The compiler ensures that no reference outlives its owner. In this code, reference y borrows x and is still active when x gets reassigned:

Rust
let mut x = Vec::<u32>::new();
let y = &x;
x = Vec::<u32>::new();   // compile error, x loses its Vec,
println!("{:?}", y);     //   but y depends on x

The compiler rejects this code because borrowed y outlives the original vector. However, if we flip the order of the last two statements, the code compiles and runs just fine. The lifetime of y would end before x is reassigned.

Mutable References

We cannot change a value through a plain reference, even if the owning variable is mutable. This code fails to compile because it calls the mutating method push_str on immutable reference y:

Rust
let mut x = String::from("ear");
let y = &x;
y.push_str("ring");    // compile error

If a reference is immutable, then the borrowing code can only read and not edit the value. This is a severe limitation. Good news. We create mutable references using the &mut operator. This code changes the reference operator & to the mutable reference operator &mut:

Rust
let mut x = String::from("ear");
let y = &mut x;
y.push_str("ring");    // mutates the string

If we create a mutable reference, no other reference may be active at the same time, not even an immutable one. This code fails to compile because immutable y is still active when mutable z is declared:

Rust
let mut x = String::from("ear");
let y = &x;
let z = &mut x;   // compile error
println!("{}", y);

If the println! call was removed or even moved up before the declaration of z, then y would no longer be considered active when z was declared, and the code would compile.

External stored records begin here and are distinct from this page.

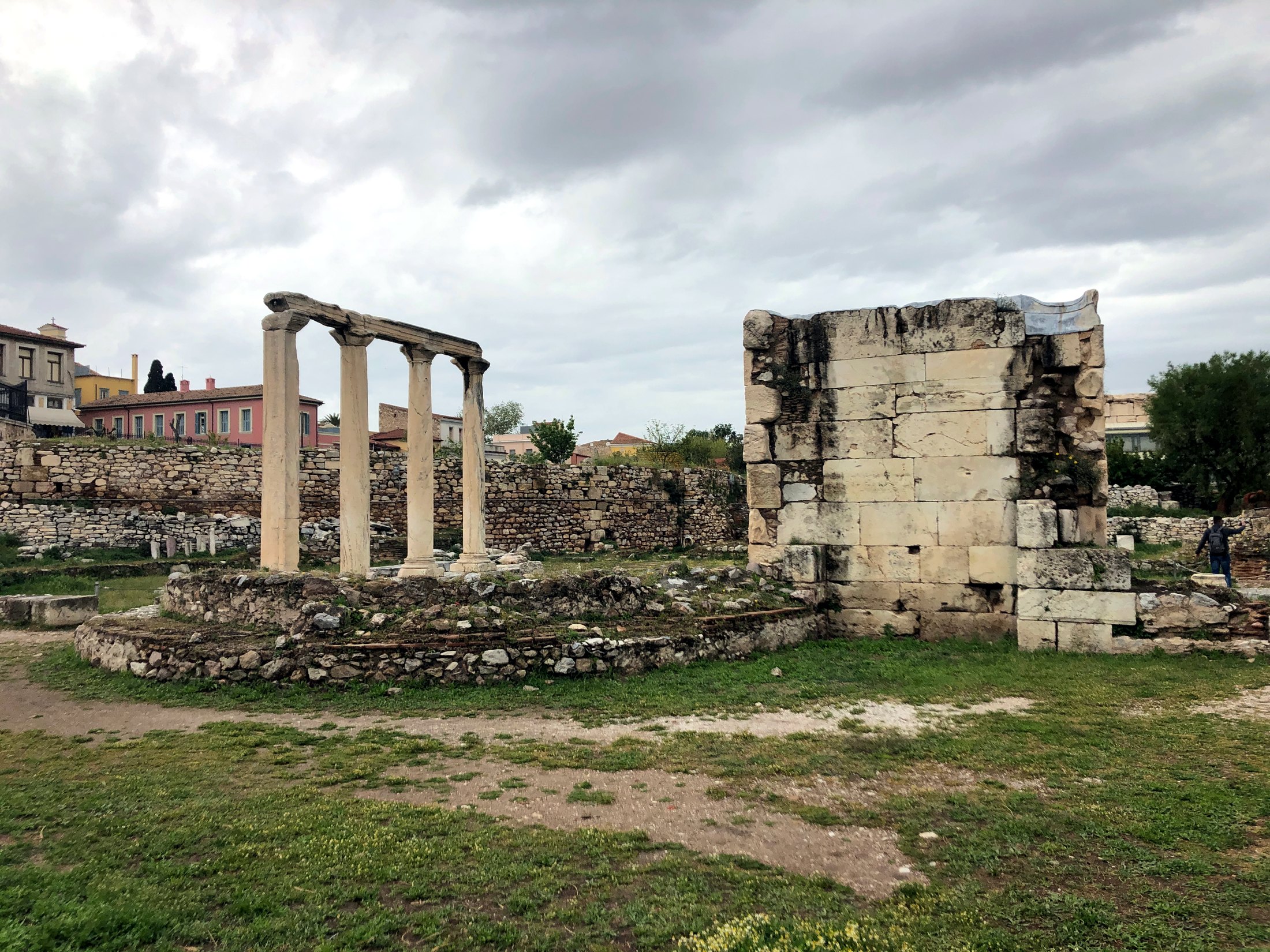 Hadrian's Library ruins near Monastiraki in Athens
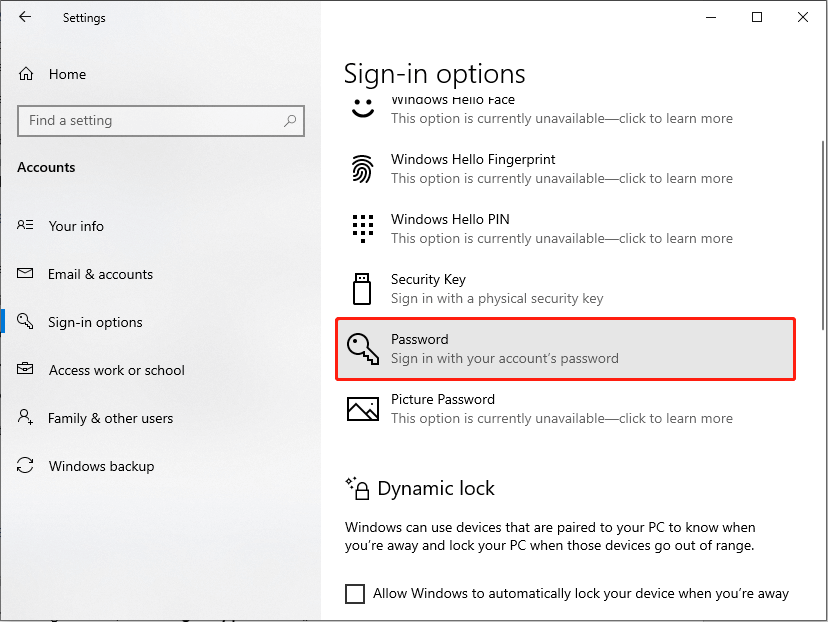 click Password to change or add a new hint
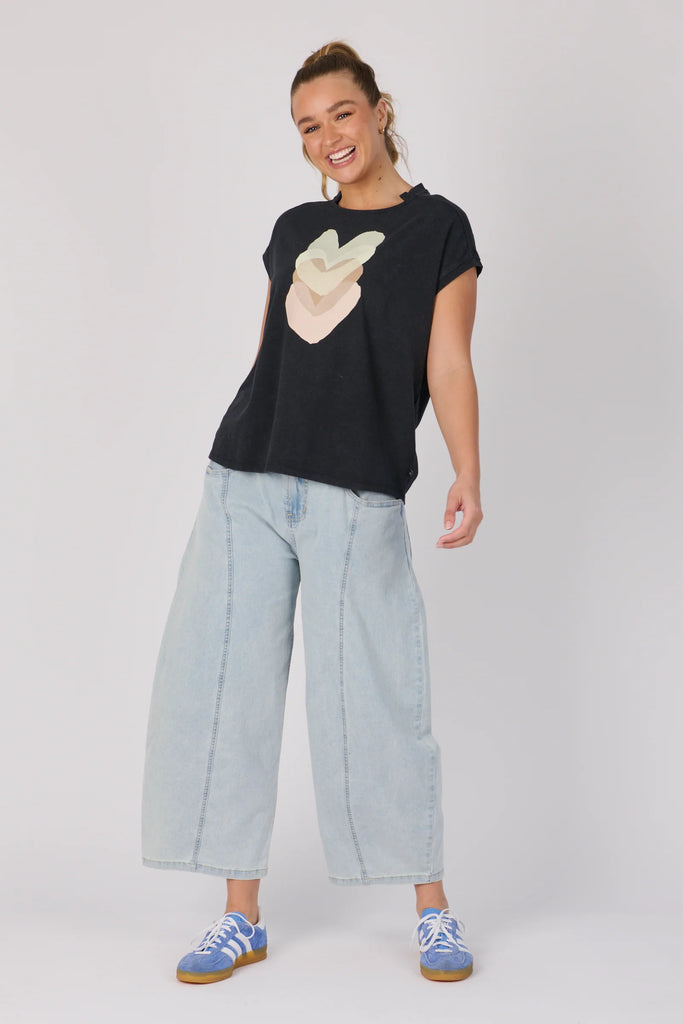 Half Collar Tee - Black Falling Hearts-One Ten Willow-The Half Collar Tee in Black Falling Hearts is crafted from a soft cotton blend for easy everyday wear. Featuring a relaxed fit with a round neckline, short sleeves, and a half-collar detail for a modern touch, this tee combines casual comfort with subtle style. Fabric: 80% COTTON, 15% POLYESTER, 5% ELASTANE – soft with a gentle stretchFit: Relaxed fit. Our model is 176cm tall (size 8–10) and wears a size small.Designed in Geelong, Victoria — proudly cre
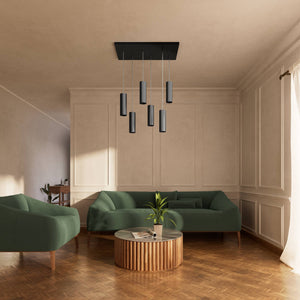 Modern pendant lamp with six brass cylinders arranged in cascade pattern, rectangular base, adjustable fabric cables, Venere design by Ghidini 1849 - Finish: ONO Matt Black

If we could have two mutable references active at the same time, then there's a chance that simultaneous edits would put the value in an inconsistent state. Some languages allow simultaneous edits and put the burden of synchronizing them on the programmer. Rust's borrow checker prevents simultaneous editors from even existing.

If we could have a mutable reference and an immutable reference active at the same time, then the entity with the immutable reference would be surprised to find the value that it believes immutable has been mutated.

Your past experience with permissive languages will likely get you in trouble with Rust's borrow checker. Stick to these principles to stay in its good graces:

Copy Semantics

Sometimes we might wish to make an independent copy of a value instead of moving it from one owner to another. In fact, this is what happens with primitive data and simple types like tuples made of primitives. This code creates two separate u32 instances and increments them:

Rust
let mut m = 17;
let mut n = m;
m += 1;   // 18
n -= 1;   // 16

Variable m starts off with the value 17, and n gets an independent copy of this value. Changes to one copy are not reflected in the other.

More complex types are moved rather than copied because copying large objects is expensive. But we can force a copy by calling the clone method. This code creates and edits two separate strings, with variable n getting its own copy of the string content of m:

Rust
let mut m = String::from(":");
let mut n = m.clone();
m.push_str(")");       // m is :)
n.push_str("(");       // n is :(

We can ask the compiler to automatically generate clone methods for our custom types using traits, which we'll examine next chapter.